Dataset entries —
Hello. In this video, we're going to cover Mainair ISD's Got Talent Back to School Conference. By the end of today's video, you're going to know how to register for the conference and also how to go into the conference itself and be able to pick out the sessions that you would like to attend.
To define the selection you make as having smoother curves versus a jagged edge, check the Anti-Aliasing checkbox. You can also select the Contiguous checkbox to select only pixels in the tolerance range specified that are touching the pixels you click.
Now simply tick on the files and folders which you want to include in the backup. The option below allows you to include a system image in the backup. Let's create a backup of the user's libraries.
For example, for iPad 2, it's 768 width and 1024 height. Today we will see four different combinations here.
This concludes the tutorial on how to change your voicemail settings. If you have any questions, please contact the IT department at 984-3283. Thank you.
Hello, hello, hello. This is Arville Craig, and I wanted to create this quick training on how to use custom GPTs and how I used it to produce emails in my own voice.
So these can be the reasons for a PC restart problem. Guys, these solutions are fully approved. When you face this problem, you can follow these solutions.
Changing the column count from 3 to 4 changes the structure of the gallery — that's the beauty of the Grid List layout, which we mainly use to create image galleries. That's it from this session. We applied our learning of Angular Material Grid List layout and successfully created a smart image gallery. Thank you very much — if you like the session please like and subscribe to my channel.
---
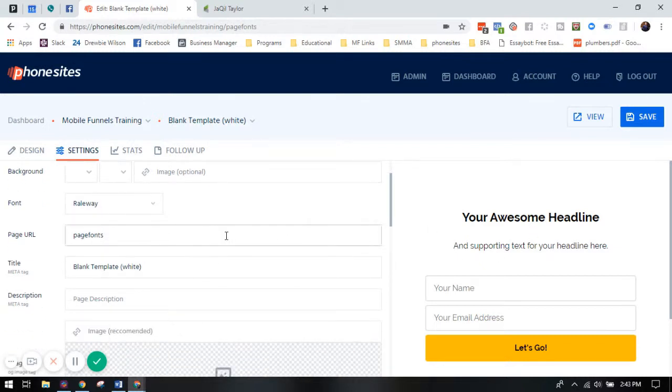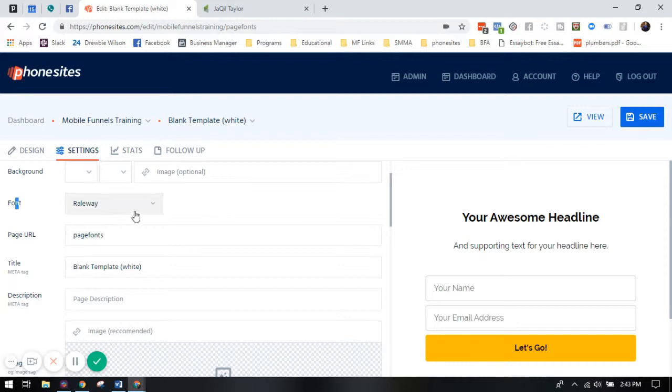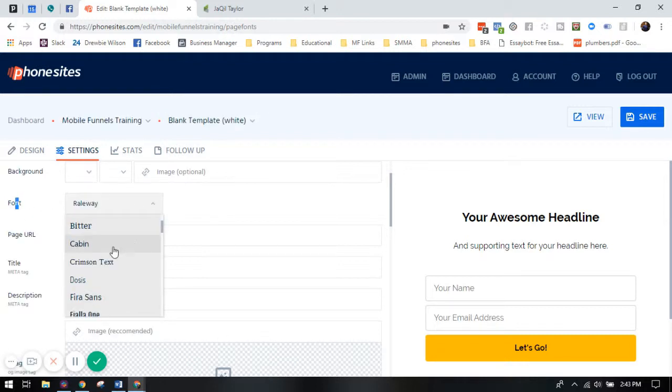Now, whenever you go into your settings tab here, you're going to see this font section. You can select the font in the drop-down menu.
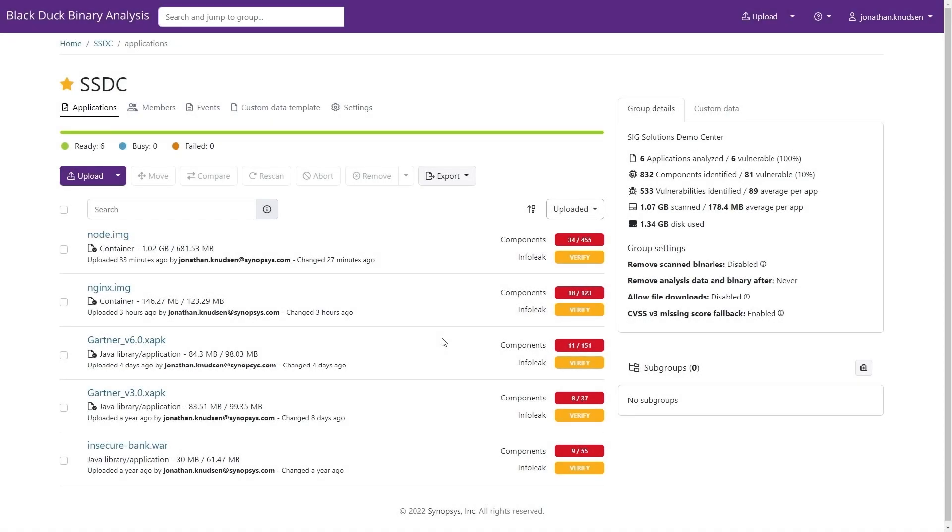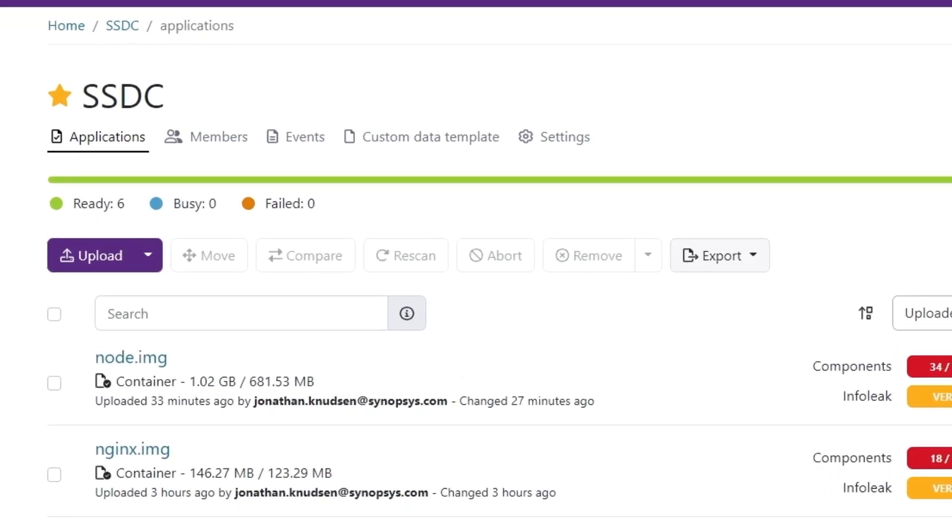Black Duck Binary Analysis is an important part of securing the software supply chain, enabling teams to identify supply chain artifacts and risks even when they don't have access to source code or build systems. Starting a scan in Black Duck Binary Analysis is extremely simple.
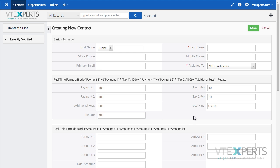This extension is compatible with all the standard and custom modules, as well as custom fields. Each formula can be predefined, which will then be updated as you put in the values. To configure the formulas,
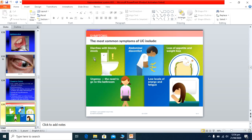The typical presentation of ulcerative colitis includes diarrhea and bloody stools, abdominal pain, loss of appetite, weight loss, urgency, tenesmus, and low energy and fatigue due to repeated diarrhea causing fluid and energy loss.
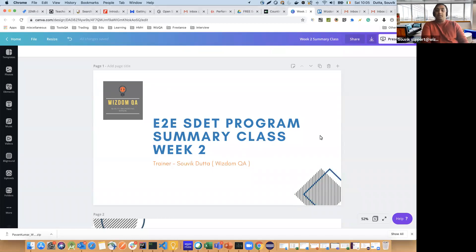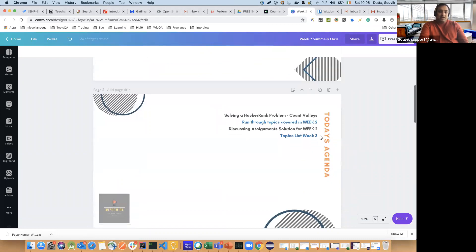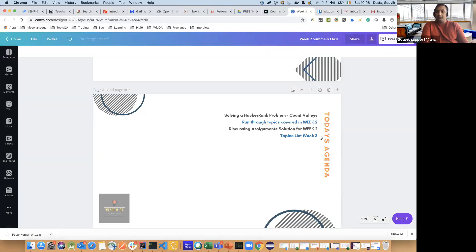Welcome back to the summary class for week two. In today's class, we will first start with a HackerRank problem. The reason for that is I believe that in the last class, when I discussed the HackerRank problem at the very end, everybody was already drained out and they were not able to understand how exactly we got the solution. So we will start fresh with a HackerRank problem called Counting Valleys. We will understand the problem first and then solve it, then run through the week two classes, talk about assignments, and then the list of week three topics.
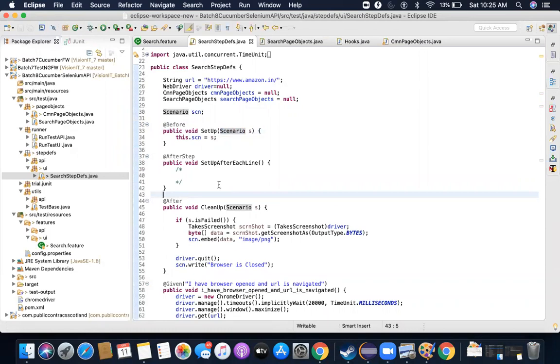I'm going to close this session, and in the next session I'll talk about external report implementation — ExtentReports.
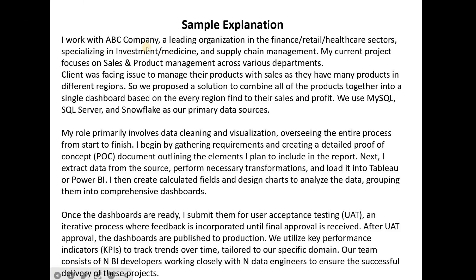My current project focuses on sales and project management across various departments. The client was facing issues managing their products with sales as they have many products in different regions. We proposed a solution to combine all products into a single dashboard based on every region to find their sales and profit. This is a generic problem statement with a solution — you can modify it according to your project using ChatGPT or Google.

Directions for this task — From the entries above, give again exactly the lines running from the line with "For example, for" to the line with "Changing the column"; include both of those lines.

Solved problem —
For example, for iPad 2, it's 768 width and 1024 height. Today we will see four different combinations here.
This concludes the tutorial on how to change your voicemail settings. If you have any questions, please contact the IT department at 984-3283. Thank you.
Hello, hello, hello. This is Arville Craig, and I wanted to create this quick training on how to use custom GPTs and how I used it to produce emails in my own voice.
So these can be the reasons for a PC restart problem. Guys, these solutions are fully approved. When you face this problem, you can follow these solutions.
Changing the column count from 3 to 4 changes the structure of the gallery — that's the beauty of the Grid List layout, which we mainly use to create image galleries. That's it from this session. We applied our learning of Angular Material Grid List layout and successfully created a smart image gallery. Thank you very much — if you like the session please like and subscribe to my channel.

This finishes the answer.